Task details
Reproduce all of the entries character for character, while leaving out any pictures they contain.

Given records

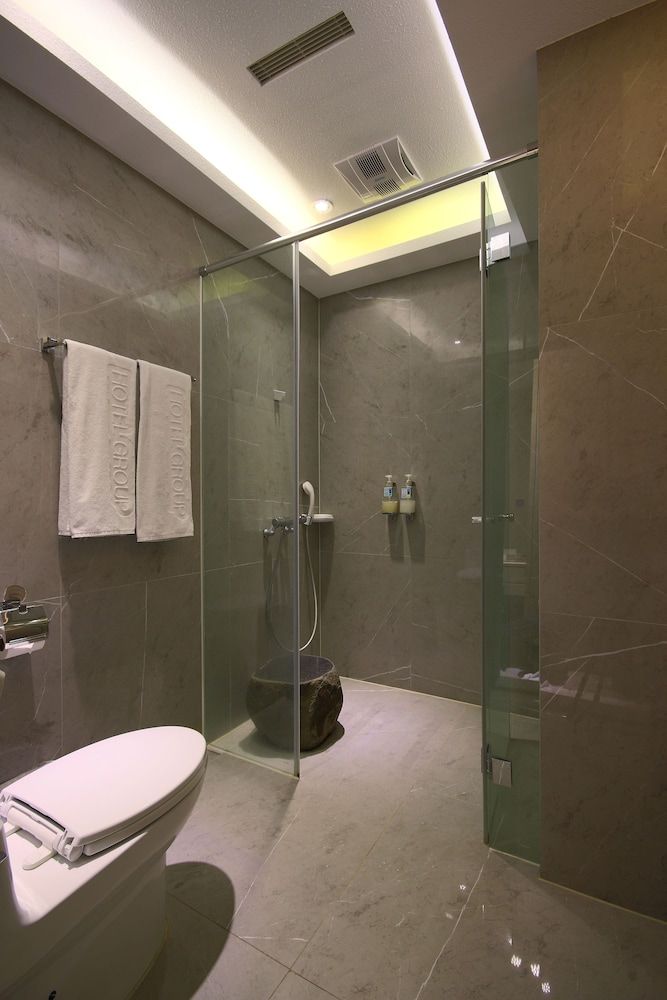 Region Motel Fashion Suite 6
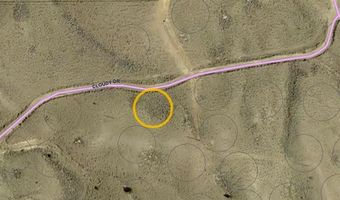 50 Cloudy Dr, Cody, WY 82414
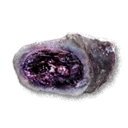 Tainted Marrow inventory icon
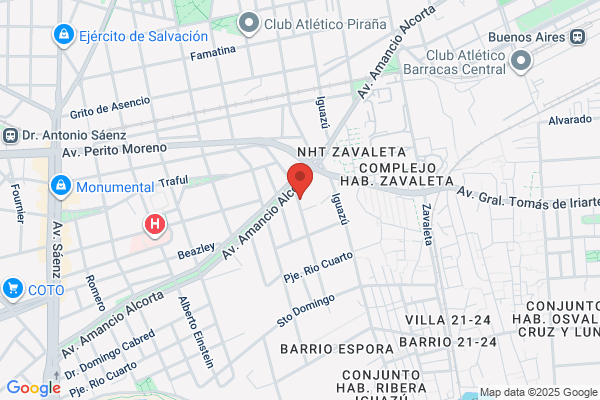 Avelli S.A.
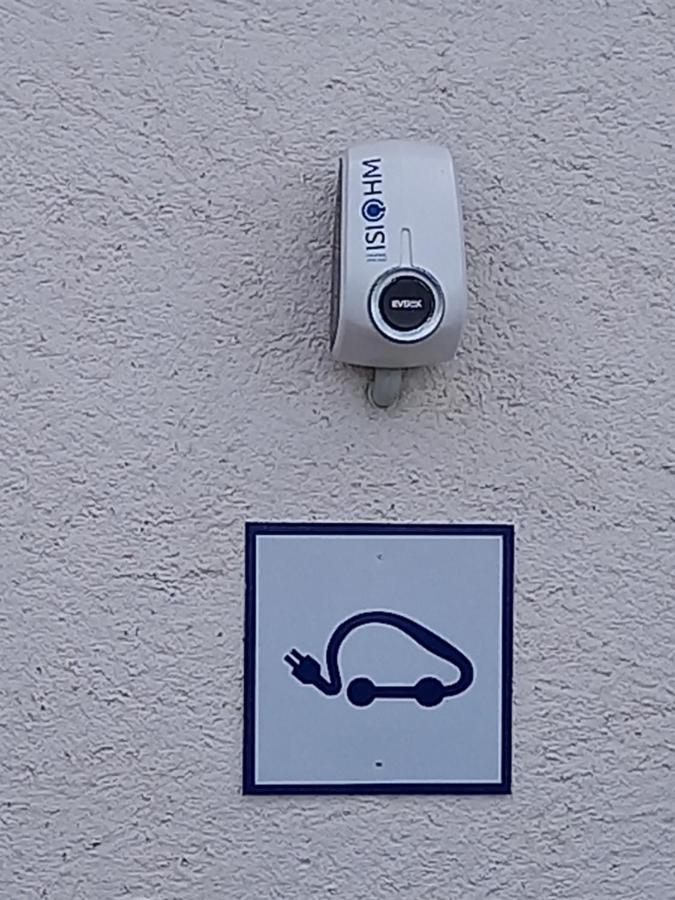 Auberge Des Chasseurs Echenevex Ngoại thất bức ảnh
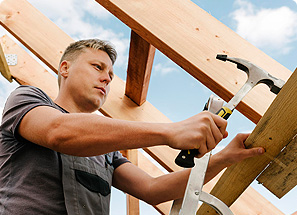 Ducote Roofing & Construction | Reliable Residential & Commercial Roofing Services in Lafayette, LA | Expert Roofing Contractors | Quality Roofing Solutions | Trusted Roof Installation & Repair | Affordable Roofing Services in Lafayette | Roof Maintenance & Storm Restoration | Professional Roofing Company | Best Roofing Services Near You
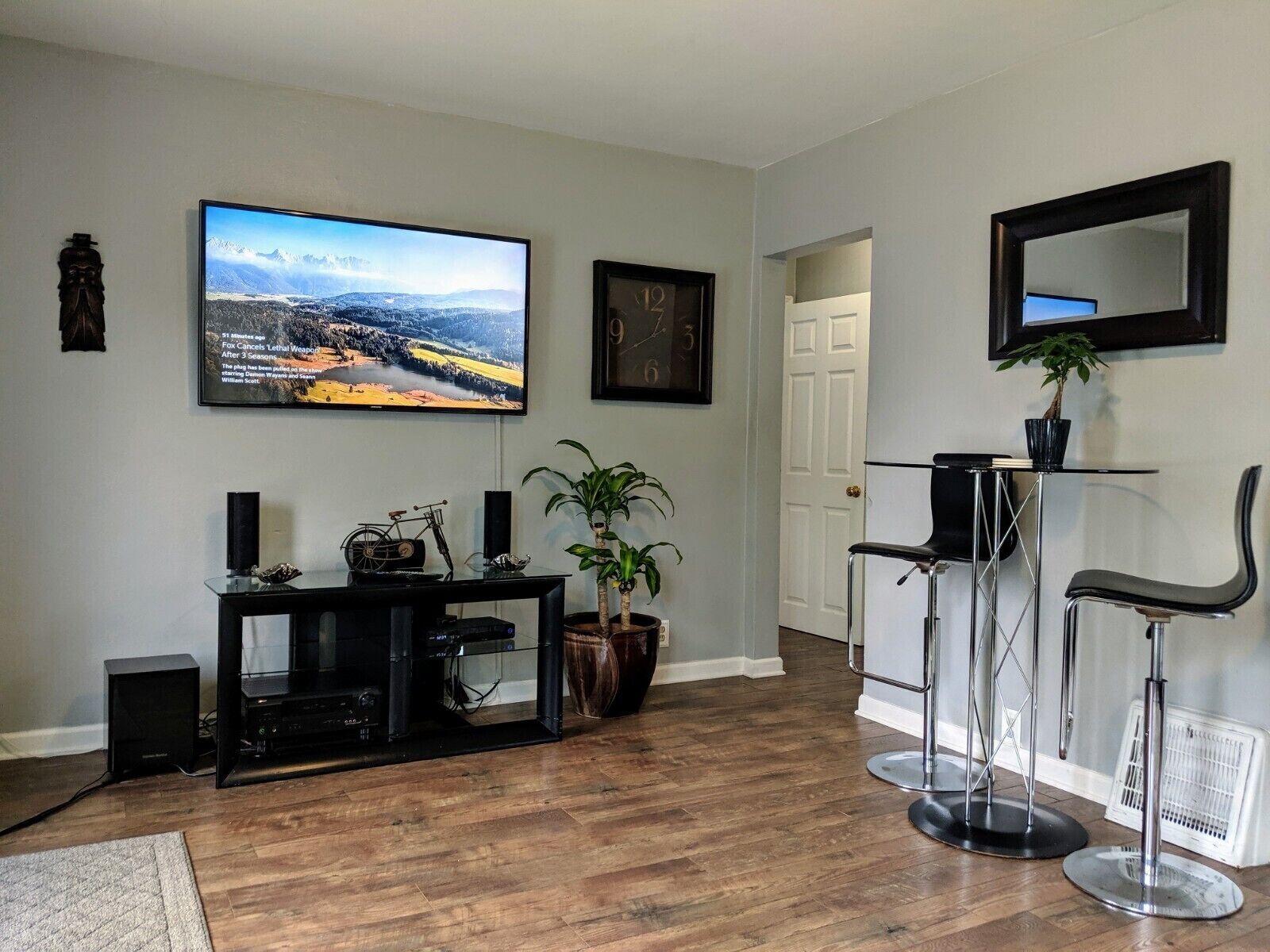 4 Short Blocks to Notre Dame & Eddy Commons In The Harter Heights Neighborhood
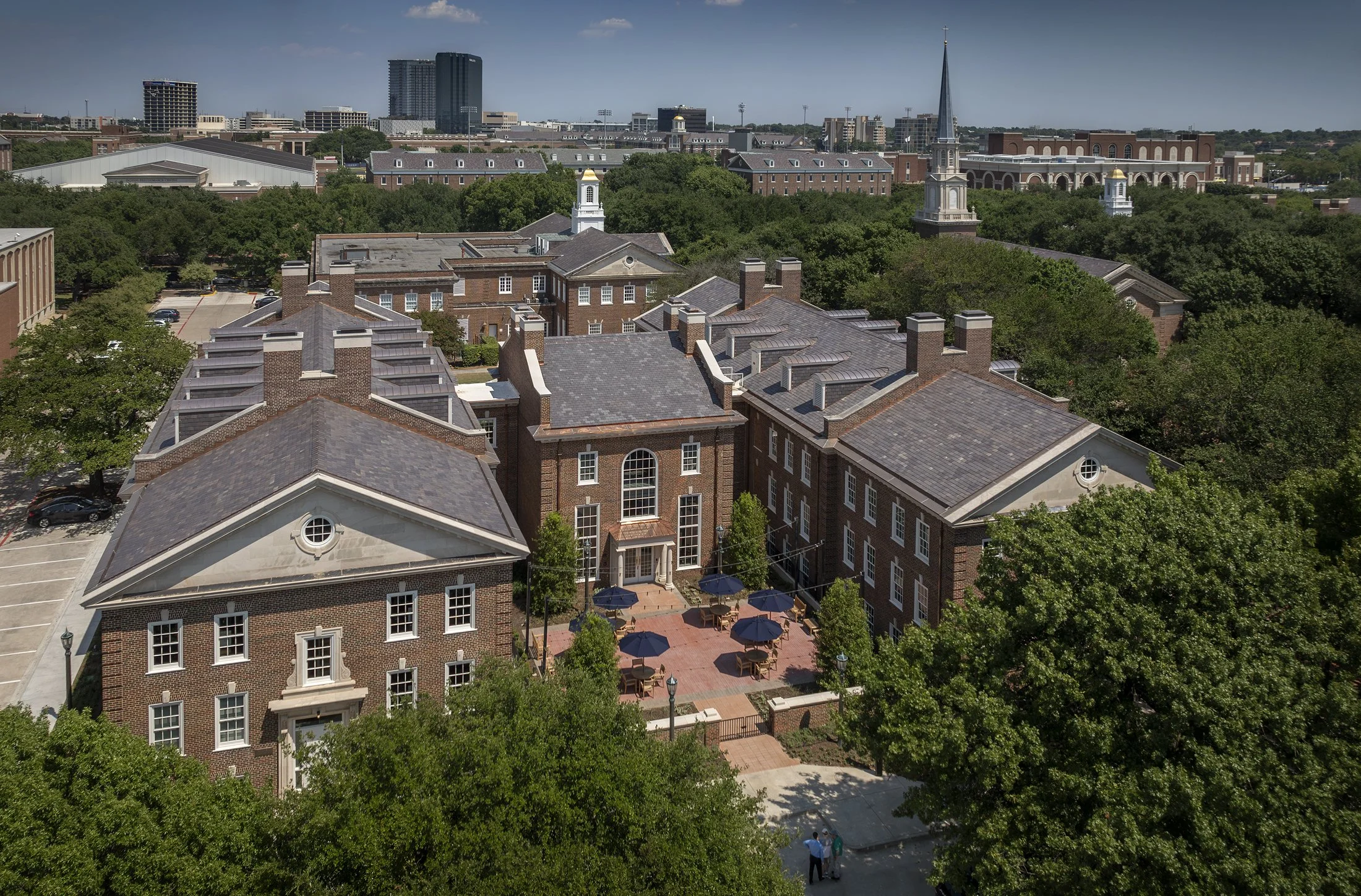 4621_DJI_20240807141522_0104_D -.jpg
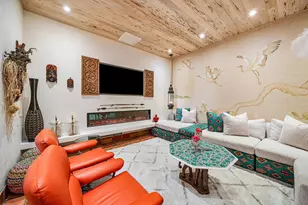 245 Brazilian Ave, Palm Beach, FL 33480 - Photo 19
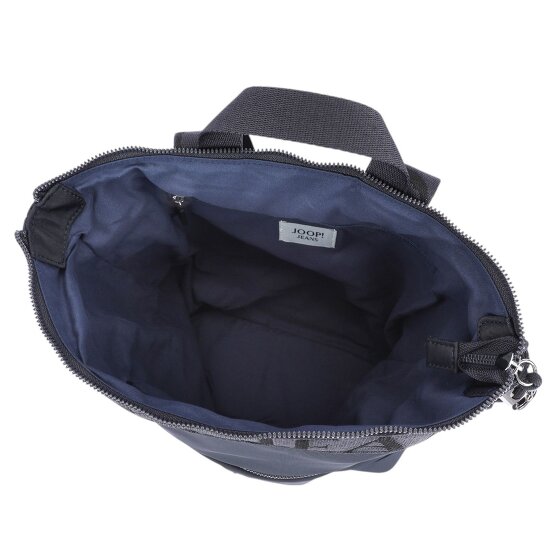 Joop! Jeans Lietissimo 1.0 Elva Daypack 40 cm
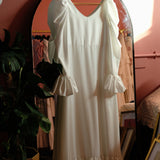 Sale: Aubrey, Size 8-10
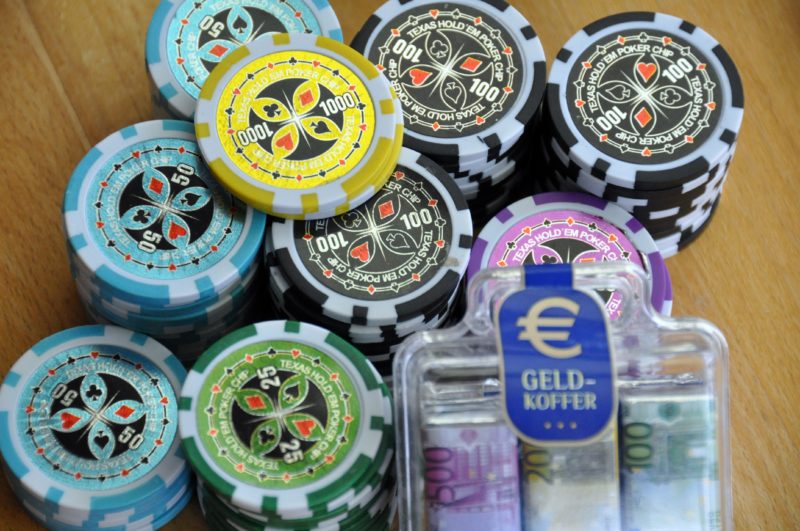 smago! INFORMIERT <br>Deutschland, Österreich, Schweiz – drei Länder, drei Regelwerke: Wo spielst du am besten online? smago! INFORMIERT <br>Deutschland, Österreich, Schweiz – drei Länder, drei Regelwerke: Wo spielst du am besten online?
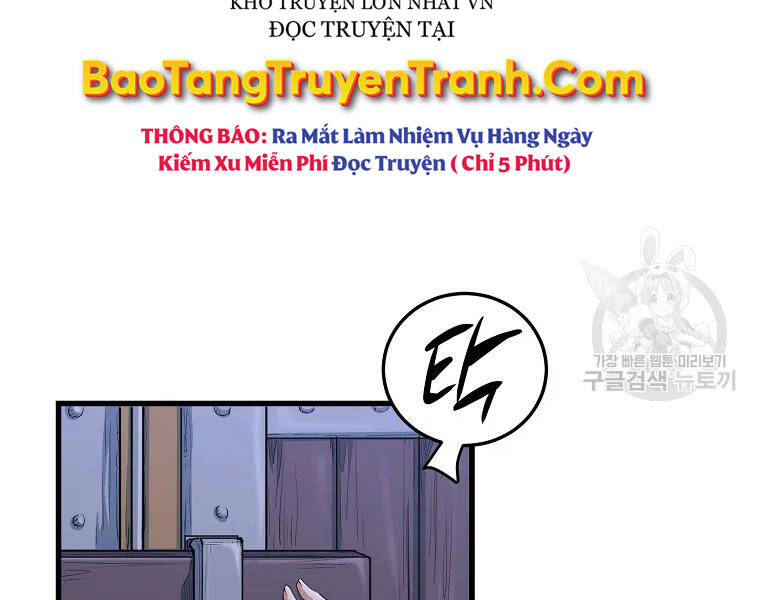 Đại Tướng Quân chapter 29 - Trang 67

Answer to this exercise
 Region Motel Fashion Suite 6
 50 Cloudy Dr, Cody, WY 82414
 Tainted Marrow inventory icon
 Avelli S.A.
 Auberge Des Chasseurs Echenevex Ngoại thất bức ảnh
 Ducote Roofing & Construction | Reliable Residential & Commercial Roofing Services in Lafayette, LA | Expert Roofing Contractors | Quality Roofing Solutions | Trusted Roof Installation & Repair | Affordable Roofing Services in Lafayette | Roof Maintenance & Storm Restoration | Professional Roofing Company | Best Roofing Services Near You
 4 Short Blocks to Notre Dame & Eddy Commons In The Harter Heights Neighborhood
 4621_DJI_20240807141522_0104_D -.jpg
 245 Brazilian Ave, Palm Beach, FL 33480 - Photo 19
 Joop! Jeans Lietissimo 1.0 Elva Daypack 40 cm
 Sale: Aubrey, Size 8-10
 smago! INFORMIERT <br>Deutschland, Österreich, Schweiz – drei Länder, drei Regelwerke: Wo spielst du am besten online? smago! INFORMIERT <br>Deutschland, Österreich, Schweiz – drei Länder, drei Regelwerke: Wo spielst du am besten online?
 Đại Tướng Quân chapter 29 - Trang 67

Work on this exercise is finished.